Danielle Feinberg, a Director of Visual Effects at Pixar and formerly a Director of Photography for Lighting, presented at SVHS for Author’s Day. Feinberg is perhaps best known for her work on the complex lighting of Finding Nemo, most notably the jellyfish scenes where she remembers her time working on the scenes as not, “feel[ing] like work at all” but “feeling like fun.”

As part of her role, she oversaw a team that added lights to computer-generated images after initial renderings from the animation and production teams. Feinberg has worked on 15 feature films and has been at Pixar for twenty-six years. 

She spent her childhood in Boulder, Colorado, later attending Harvard University where she was introduced to computer animation her junior year and graduated with a Bachelor of Arts in computer science in 1996. Feinberg noted that she was often one of the only women in her classes and despite feeling like she didn’t belong she “loved it too much to ever give up.”

Feinberg spoke about the time she participated in a male-dominated eighth-grade school STEM class event where the goal was to rebuild a broken lawnmower from parts to then be tested. She was the only student to succeed. She went on to write her college essay about the experience, and when she visited the college admissions office at Harvard, she was keenly regarded as the “lawnmower girl” for her memorable anecdote.

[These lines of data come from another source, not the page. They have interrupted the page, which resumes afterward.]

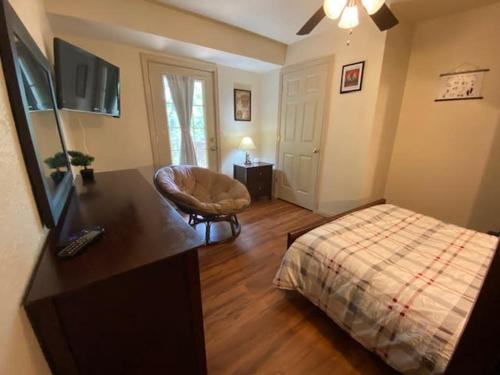 Sasquatch Lode CD Sleeps 22 - image 5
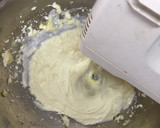 Foto del paso 2 de la receta: Frosting de queso crema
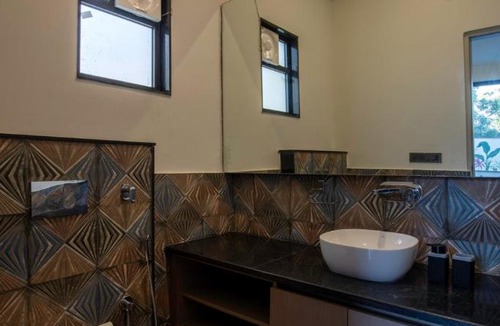 Jhotwara Villa | Downtown Oasis 3BHK Lux Pool Villa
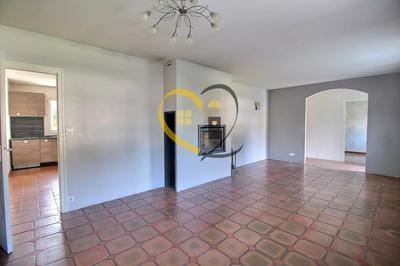 Maison - 177 m² - 6 pièces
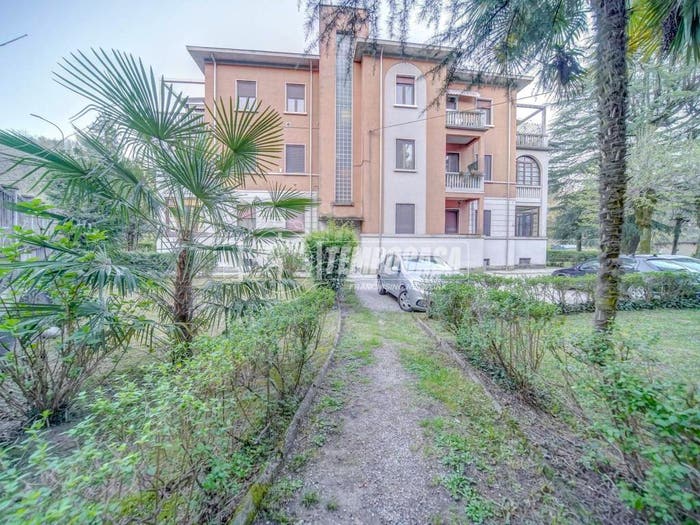 Appartamento trilocale in vendita in Via per Lonate, Cairate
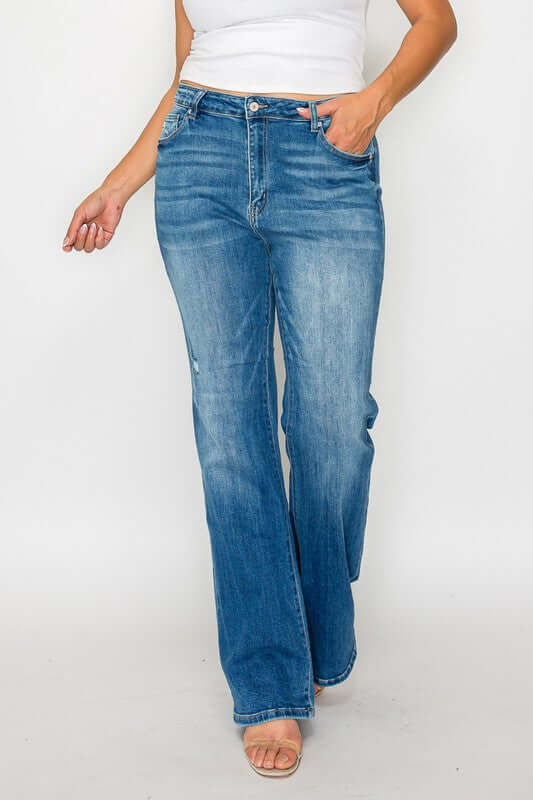 Woman in distressed high rise jeans with pockets, showcasing vintage charm and modern style. Perfect for any outfit.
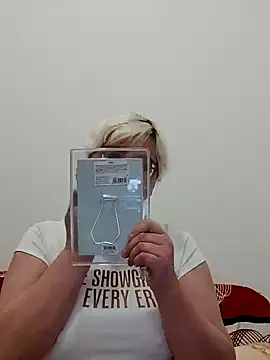 VikaKing online show from November 4, 2025, 4:44 pm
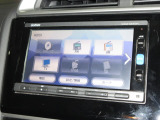 ナビゲーションは純正メモリーナビ(VXM-164VFi)を装着しております。AM、FM、CD、DVD再生、Bluetooth、フルセグTVがご使用いただけます。初めて訪れた場所でも安心ですね!
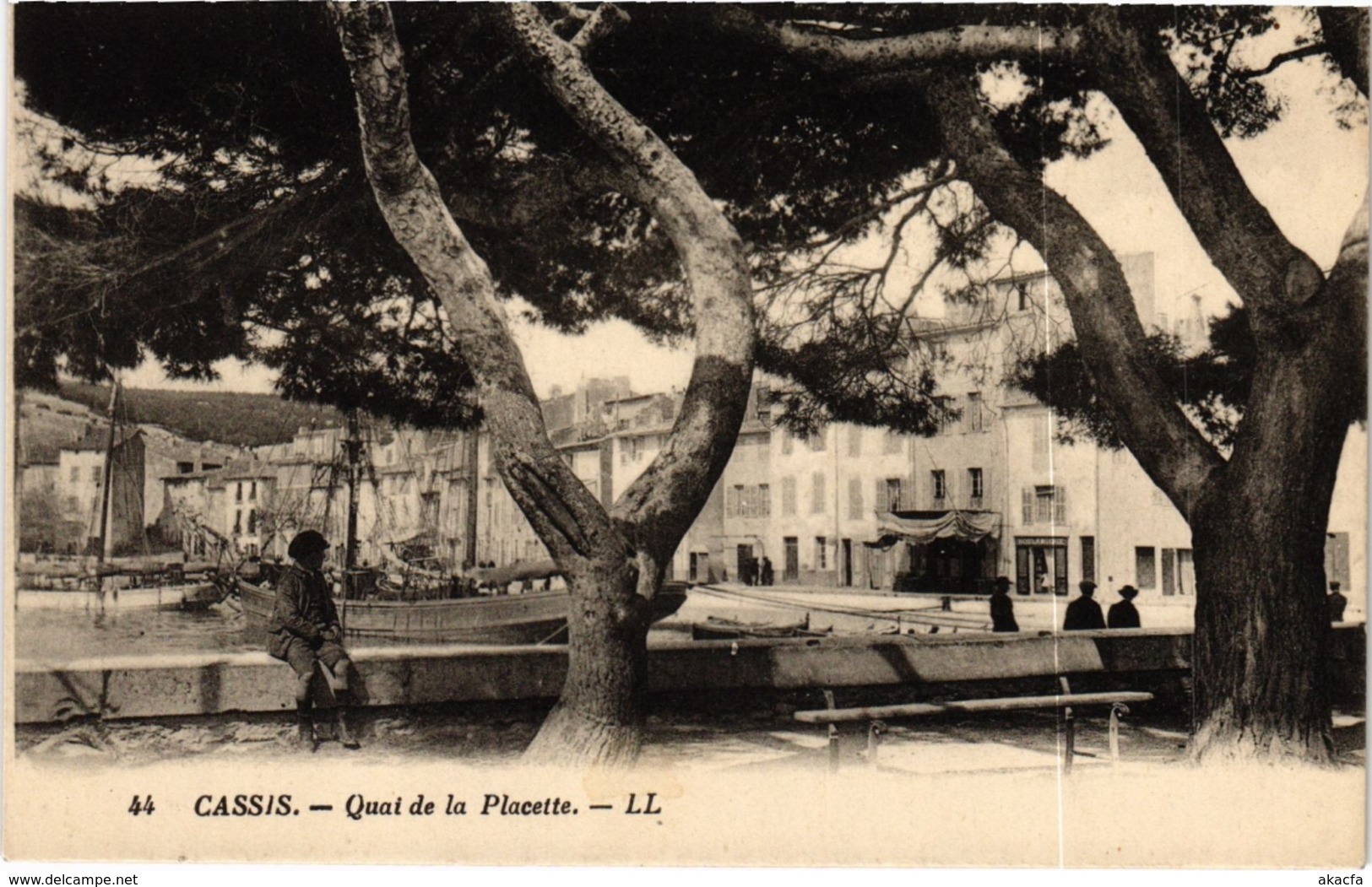 CPA CASSIS Quai de la Placette (986304)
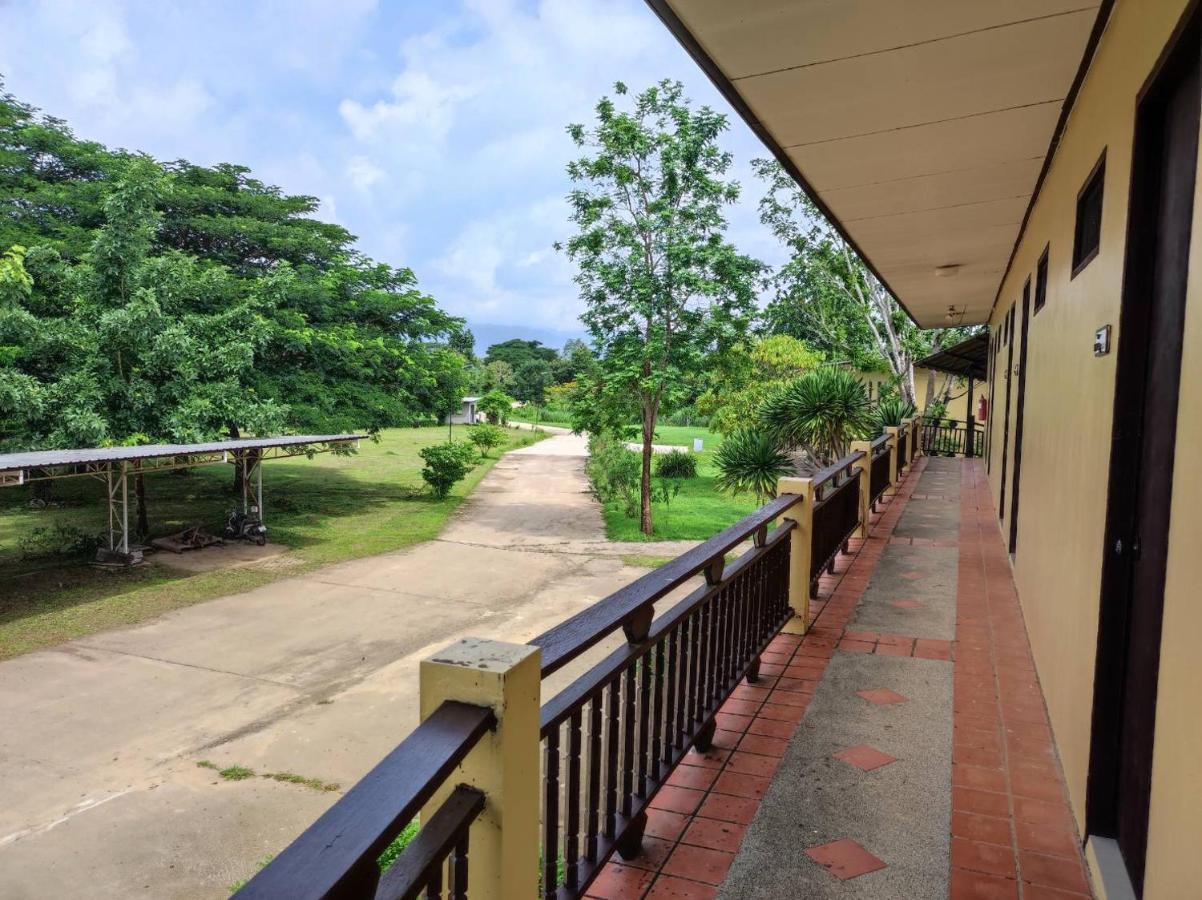 Nakakiri Resort & Spa Hin Dat Exterior foto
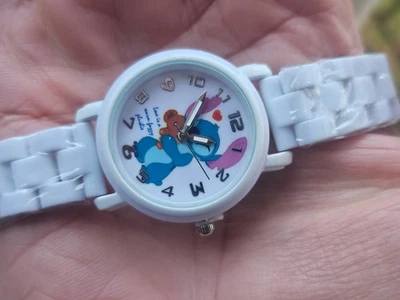 Relógio de pulso Disney Stitch Girl pulseira de plástico branco relógio de pulso analógico quartzo novo com etiquetas - Imagem 1 de 4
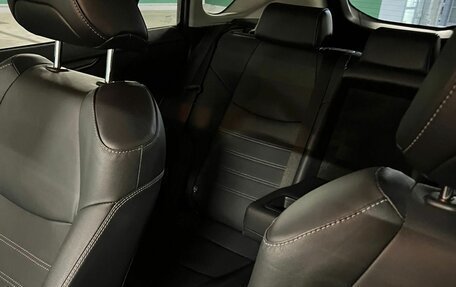 Toyota RAV4, 2021 год, 4 550 000 рублей, 8 фотография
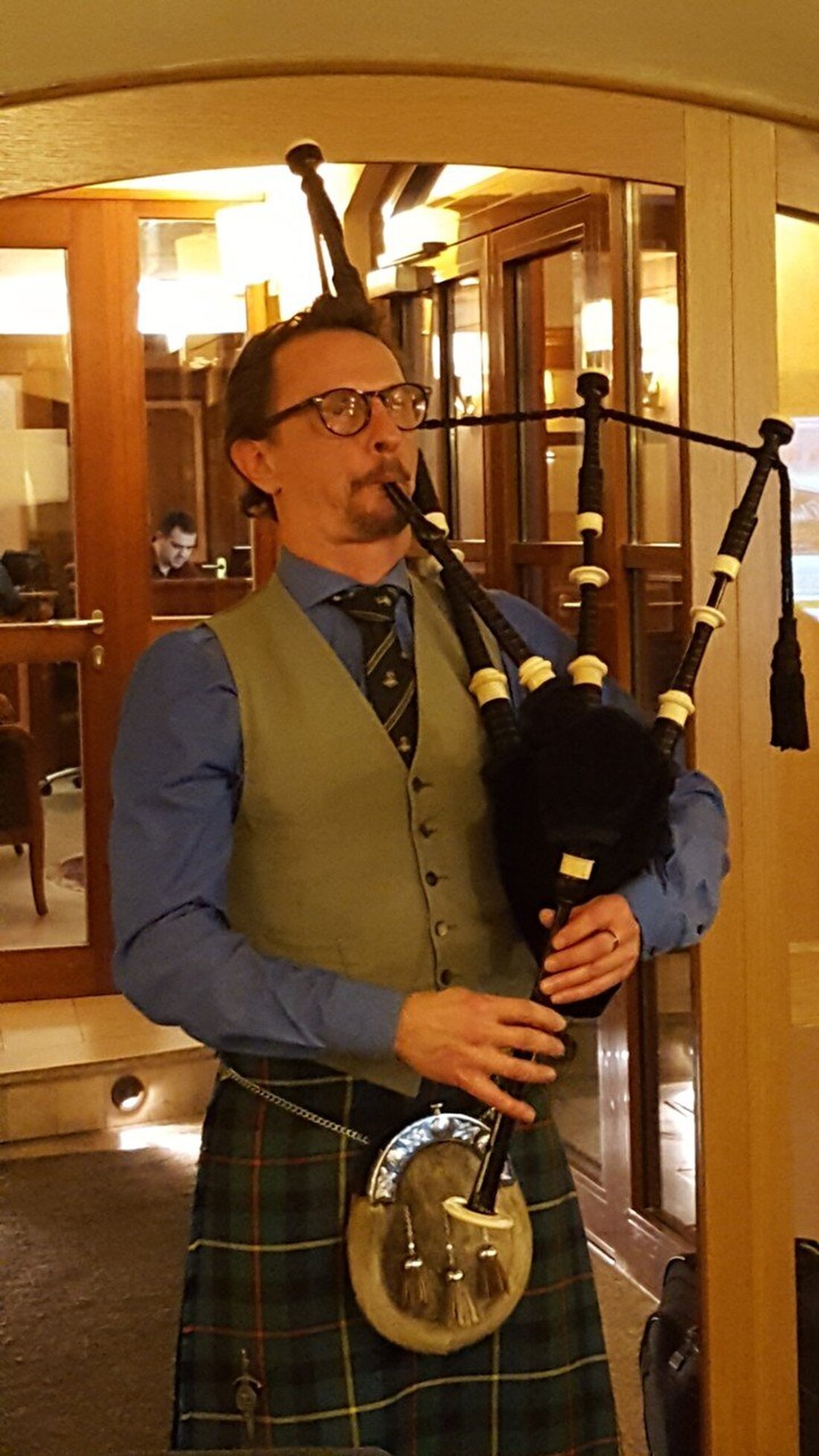 Falkenberg. Ihr liebt Whisky und seid Feinschmecker durch und durch? Urig, gemütlich und vor allem köstlich wird euer Abend in Falkenberg. Rinder Carpaccio, Bauernbrot und Grillspieße lassen euch das Wasser [&hellip;]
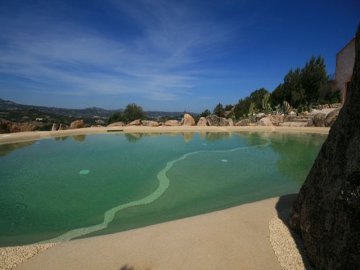 villa baia zwembad 1.jpg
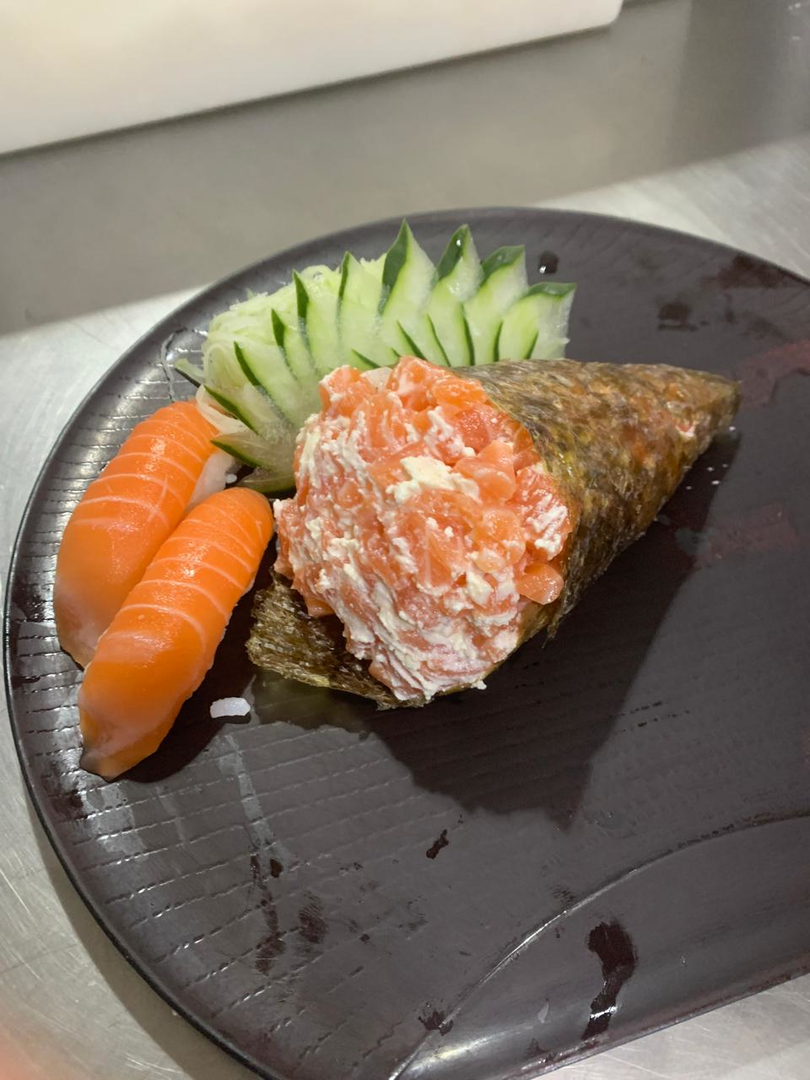 Temaki + 2 Niguiris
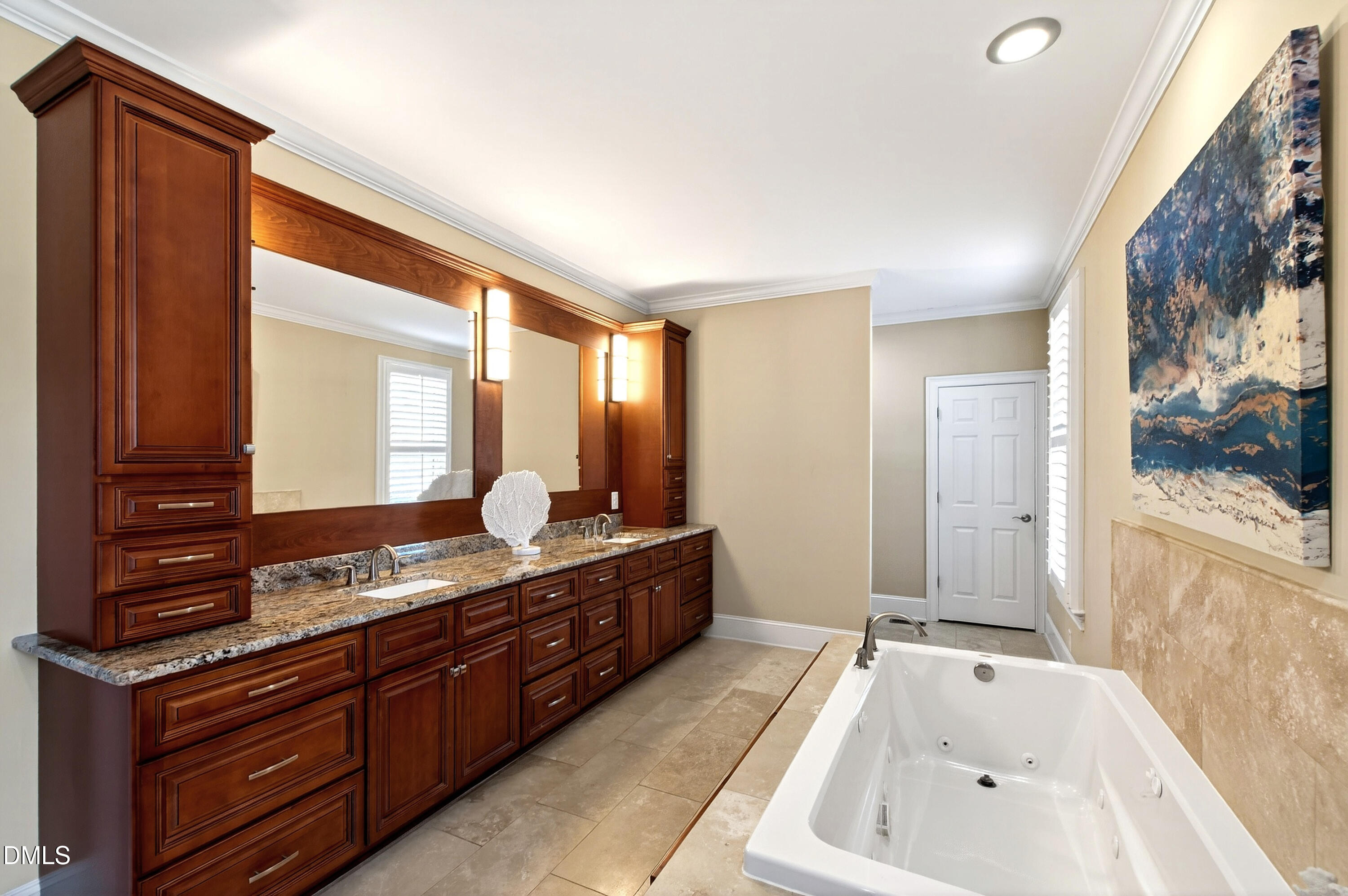 415 Trotting Trail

Post graduation, Feinberg began her career at Pixar by working as the lead render technical director on Bugs Life in 1998. Throughout her ongoing career at Pixar, Feinberg has worked on popular feature films including A Bug’s Life, Toy Story 2, Monsters Inc., Finding Nemo, The Incredibles, Ratatouille, Wall-E, Brave, Inside Out, The Good Dinosaur, Coco, and most recently, Turning Red. Feinberg went on to become the first female Visual Effects Director in twenty years at Pixar.

Feinberg notes her work creating the Land of The Dead for Coco as one of the most complex lighting effects she has done which required “eight and a half million lights” to bring the scene to life. Despite the difficulty in crafting lighting for Coco, Feinberg is most proud of her work on this movie as it became “a cultural phenomenon,” making people of the Latinx feel seen and heard in the mainstream media by “creating a world that no one has seen before.” Feinberg was awarded the Annie Award, an Animation award, for her excellence in Coco in 2018.

Outside of her extensive work at Pixar, Feinberg spends her time mentoring girls to encourage them to pursue their dreams in STEM fields through non-profit organizations like Girls Who Code. Additionally, she gave a Ted Talk in 2016 describing her journey in combining her passion for visual arts with computer science for a fulfilling and successful career, as well as the trials she faced specifically with underwater lighting on Finding Nemo, which ultimately brought the movie to life.

Feinberg expressed that the most rewarding aspect of her job is seeing the movie come together, “especially something you pour your heart into.” Feinberg’s words of wisdom for those interested in Computer Science is to, “not have coding be your whole life.” Currently, Feinberg is working on her next film set to release in 2026, which is currently untitled to the public.